The temperature above which a gas cannot be liquefied howsoever high pressure may be applied on the gas is called critical temperature. Since, gas 'A' liquifies easily, this suggests gas ' $A$ ' is below its critical temperature. On the other hand, gas 'B' does not liquefy easily even on applying high pressure. This suggests that gas ' $B$ ' is above its chitical temperature.
Value of universal gas constant $(R)$ is same for all gases. What is its physical significance?
Unit of $R$ depends upon those units in which $p, V$ and $T$ are measured as, $R=\frac{p V}{n T}$. If pressure is measured in Pascal, per mole volume is measured in $\mathrm{m}^3$ and temperature is measured in Kelvin then units of ' $R$ ' are $\mathrm{Pam}^3 \mathrm{~K}^{-1} \mathrm{~mol}^{-1}$ or $\mathrm{Jmol}^{-1} \mathrm{~K}^{-1}$. Since, joule is the unit of work done, so ' $R$ ' is work done by the gas per mole per kelvin.
One of the assumptions of kinetic theory of gases states that "there is no force of attraction between the molecules of a gas." How far is this statement correct? Is it possible to liquefy an ideal gas? Explain.
This statement is correct only for ideal gases. It is not possible to liquefy an ideal gas because there is no intermolecular forces of attractions between the molecules of an ideal gas.
The magnitude of surface tension of liquid depends on the attractive forces between the molecules. Arrange the following in increasing order of surface tension:
Water, alcohol $\left(\mathrm{C}_2 \mathrm{H}_5 \mathrm{OH}\right)$ and hexane $\left.\left[\mathrm{CH}_3\left(\mathrm{CH}_2\right)_4 \mathrm{CH}_3\right)\right]$.

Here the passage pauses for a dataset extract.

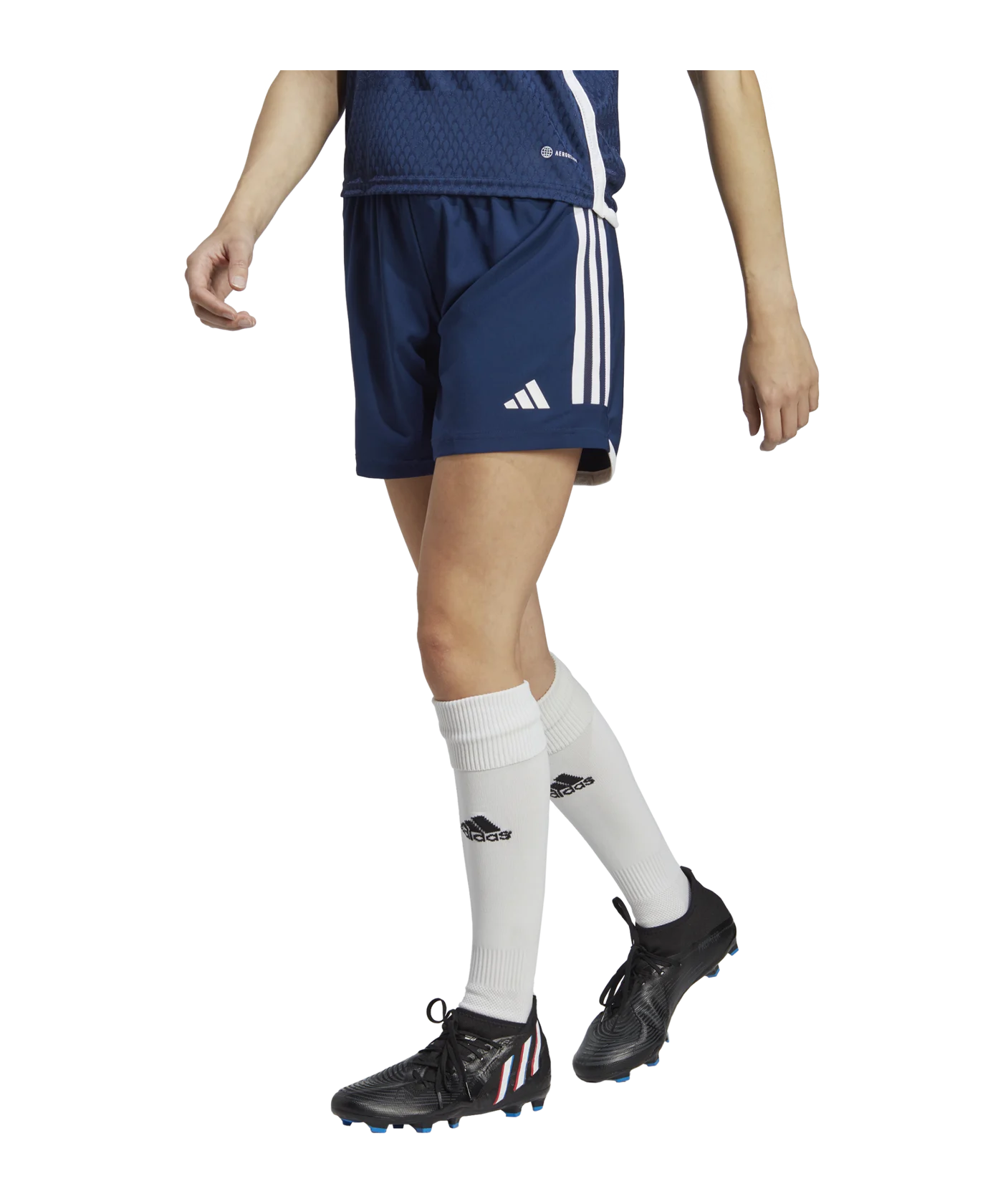 adidas Tiro 23 Competition Match Short Damen Blau Weiss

In the above given molecules, only hexane $\left(\mathrm{CH}_3\left(\mathrm{CH}_2\right)_4 \mathrm{CH}_3\right)$ is a non-polar molecule in which only Landon dispersion forces exist. These forces are very weak while both water and alcohol are polar molecules in which dipole-dipole interactions as well as H -bonding exists.
However, H -bonding interactions are much stronger in water than $\mathrm{H}_2 \mathrm{O}$, therefore, it possesses stronger intermo lecules than alcohol and hexane. Hence, the increasing order of surface tension is
$$\text { hexane }<\text { alcohol }<\text { water }$$
Greater is the attractive forces between the molecules, greater is the magnitude of surface tension of liquid.